Partly it’s about using the familiar to build a framework, for a reader in the UK an occupying force in London means something emotionally that one in Muscat doesn’t. And partly it’s about building empathy by showing a dark mirror to reality and saying ‘we’re not special, it could have been us’ you shine a light on those real atrocities.


And the flipside works too. By taking a society that hasn’t been successful, such as many of the societies outside Europe, and by showing what could have happened, how that culture could have evolved then you say something about the way colonialism has culturally flattened those areas.


The theme, the message, of a lot of AH is ‘do not take for granted the world we live in’. A lot of what we consider natural; that we have two genders, that we don’t have slaves, that we own cash and work for bosses, is a choice that we made. Plenty of societies were ran very differently and it just so happened that this is how the world ended up. And given that, there is no reason for it has to stay that way.


Begum Rokeya

That is a message that has often been delivered through Science Fiction. The Sultana’s Dream, written in 1904 by Begum Rokeya, depicts a society in which new technology has nullified the traditional strength advantage men have and allowed women to take become the dominant gender.

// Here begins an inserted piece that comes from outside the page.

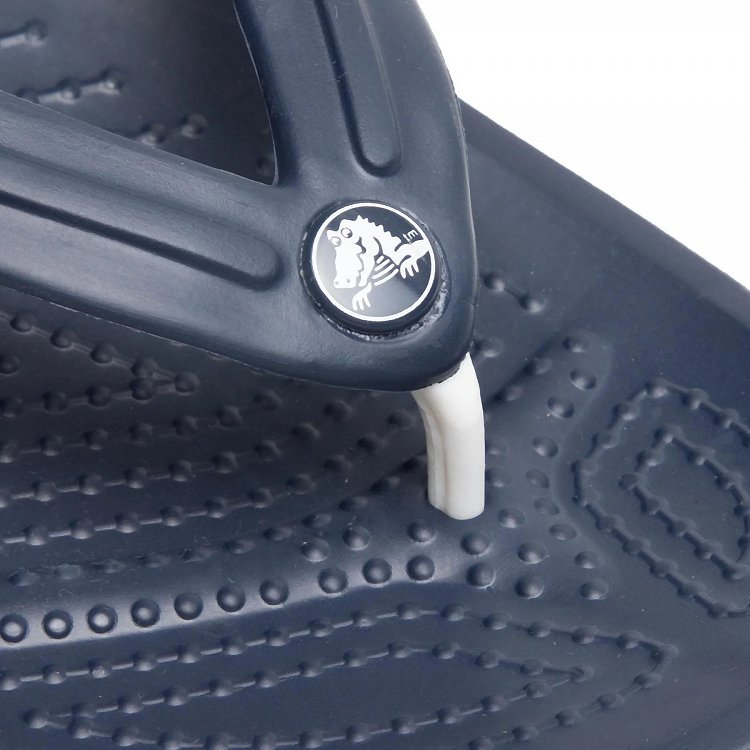Crocs Ανδρική Σαγιονάρα Crocband Flip 11033-410 Navy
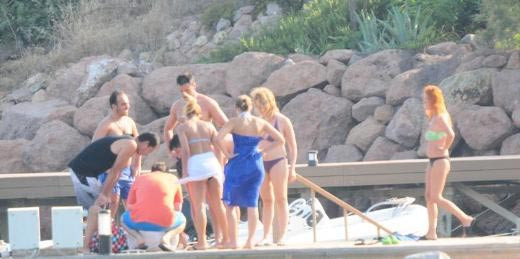 Acun eşiyle tatil keyfi yapıyor - Resim: 1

But by setting it in the far future, you distance it from the reader. It’s a long way away and so differences are expected. It is like how Arab writers would set their extraordinary tales in distant China to allow suspension of disbelief. By doing the opposite, and making it our country in our year but different, you bring the message home.


In both theme and plotting, the advantages of AH over other speculative fiction is that it is tethered in the real. It is based on real events and real people and real places. It is your town being destroyed and that man on the news who is making those decisions. And yet it still allows you to build worlds unlike anything seen in real life. John W. Campbell said the aim of Science Fiction was to show "Something that thinks as well as a man but not like a man", AH does that. But it also takes it one step further and points out that the thing that does not think 'like a man' could well be you if you'd grown up in a different environment.


It is that combination of the familiar and the alien which is the power of AH.